Zu den bereits erwähnten Dienstleistungen zählt, daß Wiebke hier nicht nur die oben genannten Busfahrscheine verkauft, sondern im Zusammenwirken mit der Bundespost auch kleinere Pakete annimmt oder bis zur Abholung aufbewahrt, die Kataloge einiger bekannter Versandhäuser bereithält sowie entsprechende Warenbestellungen entgegennimmt und innerhalb der Grenzen des kleinen Ortes einen jede Lokalzeitung weitestgehend ersetzenden Nachrichtenaustausch maßgeblich mit im Gange hält.
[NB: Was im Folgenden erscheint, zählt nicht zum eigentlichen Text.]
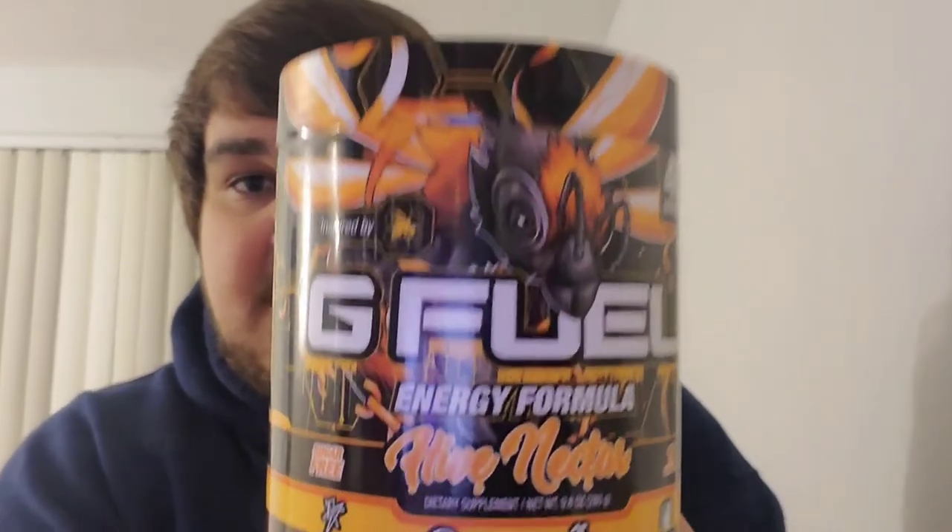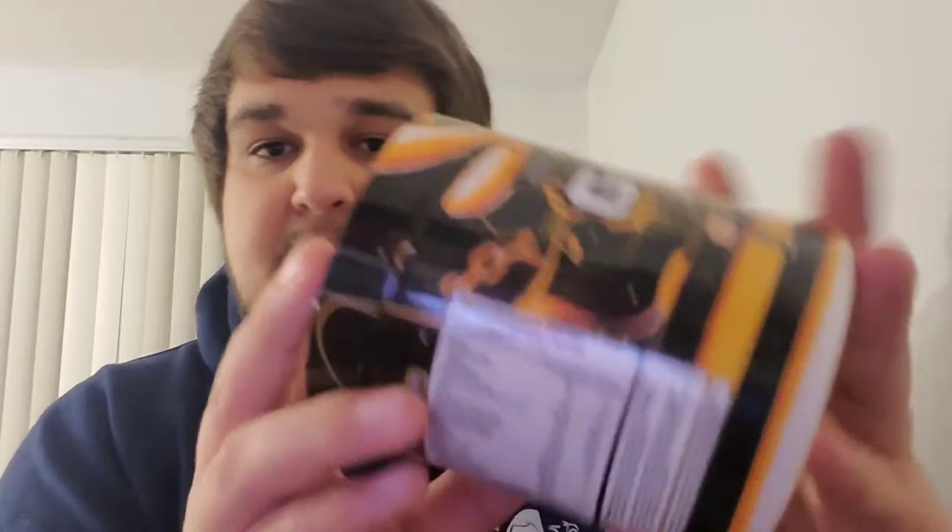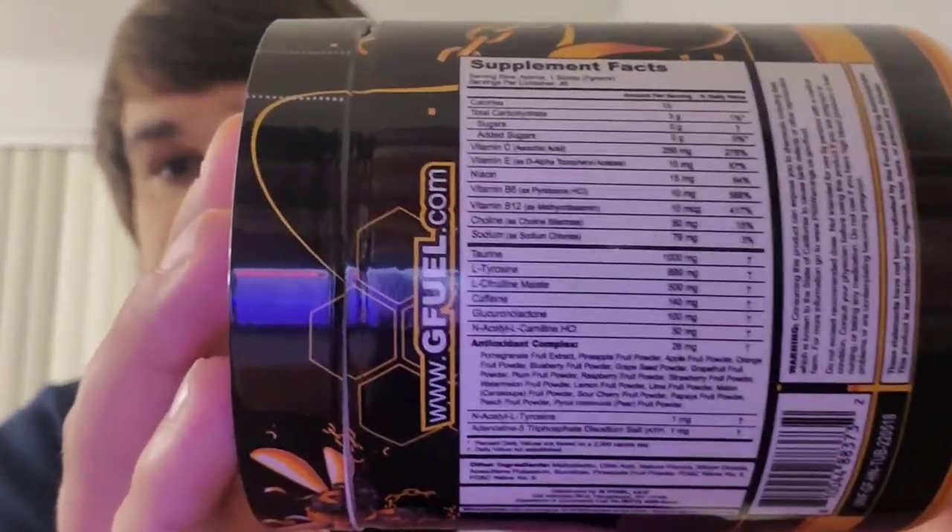We have our shaker cup here with a ton of ice in it — that's how I like my G Fuel, with a lot of ice. I want to show you guys the tub here. This is the redesign; it's a lot different from the original, a lot darker design, very nice. I would say this is better than the original. Here are the supplement facts if you guys are curious. Let's go ahead and open the tub up.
Wiebkes Tagesablauf wird im Großen und Ganzen von tagtäglich in mehr oder weniger ähnlicher oder gar gleicher Weise wiederkehrenden Ereignissen bestimmt: Zu den ersten Eindrücken eines noch recht jungen Tages gehört die allmorgendliche Vorbeifahrt einiger Landmaschinen verschiedener Art, deren Besitzer sich in dem kleinen „Mehrzweckladen“ vor der Weiterfahrt zu ihren Feldern und Äckern oft und gerne eine Tasse Kaffee und ein paar belegte Brötchen zum Mitnehmen gönnen, weshalb Wiebke die meisten von ihnen inzwischen mit dem Vornamen anredet und während der Vorbeifahrt an ihrem Geschäft in jedem Falle mit einem kurzen Winken grüßt; Zu Wiebkes regelmäßiger hungriger Kundschaft gehören außerdem die Schulkinder des Ortes, die während des dann schon fortgeschrittenen Nachmittages von dem aus der Kreisstadt zurückkehrenden Schulbus bis zum Gemeindehaus gebracht werden und sich von „Tante Wiebke“ mit Eis und Getränken in größeren Mengen versorgen lassen wollen!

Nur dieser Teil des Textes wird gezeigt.